Official data that came out on Thursday, a day later than normal due to the July 4 public holiday, showed inventories at Cushing, the delivery point for U.S. crude futures, fell to their lowest in 3-1/2 years.
“Cushing is clearly screaming out for crude, with the prompt few months more than $2 backwardated,” said Virendra Chauhan, an analyst at Energy Aspects in Singapore.
Backwardation refers to a market situation that suggests tightness as prices for immediate delivery are higher than those for later dispatch.
Investors are also focusing on how much exports from Saudi Arabia and other Gulf states will rise, Chauhan said.

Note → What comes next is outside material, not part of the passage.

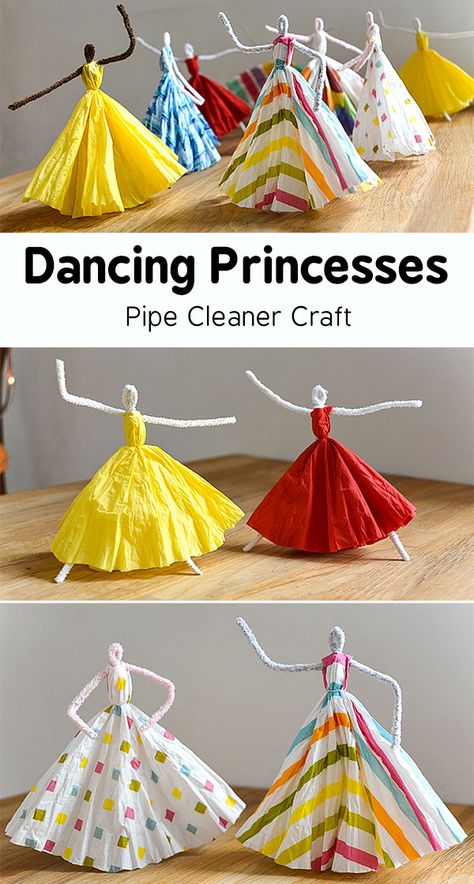 Dancing Princesses Pipe Cleaner Craft - Blue Bear Wood Paper Crafts, Paper Craft, Craft Ideas, Crafts, Diy, Diy Paper, Paper Crafts Diy, Paper Crafting, Craft Activities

The Organization of the Petroleum Exporting Countries and other countries agreed earlier this month to a modest increase in output to dampen a rally in oil prices, which recently hit a 3-1/2 year high.
An increase in supply will reverse some of the output cuts that OPEC and other major producers put in place in early 2017 to end several years of supply glut.
The tightness at Cushing and the potential increase in Gulf exports “both have implications for how quickly the prompt overhang in the market can clear, and thus provide some direction for prices,” Chauhan said.
U.S. producers are continuing to bring more rigs into oilfields already producing at record levels. The U.S. rig count, an early indicator of future output, was up by five in the week to July 6, according to General Electric Co’s Baker Hughes energy services firm.
That brings the total count to 863, up 100 from last year.
Concerns that oil prices will be weighed down by a trade conflict between the U.S. and China have faded to some extent, analysts said.
The United States and China exchanged the first salvos in what could become a protracted trade war on Friday, slapping tariffs on $34 billion worth of each others’ goods and giving no sign of willingness to start talks aimed at a reaching a truce.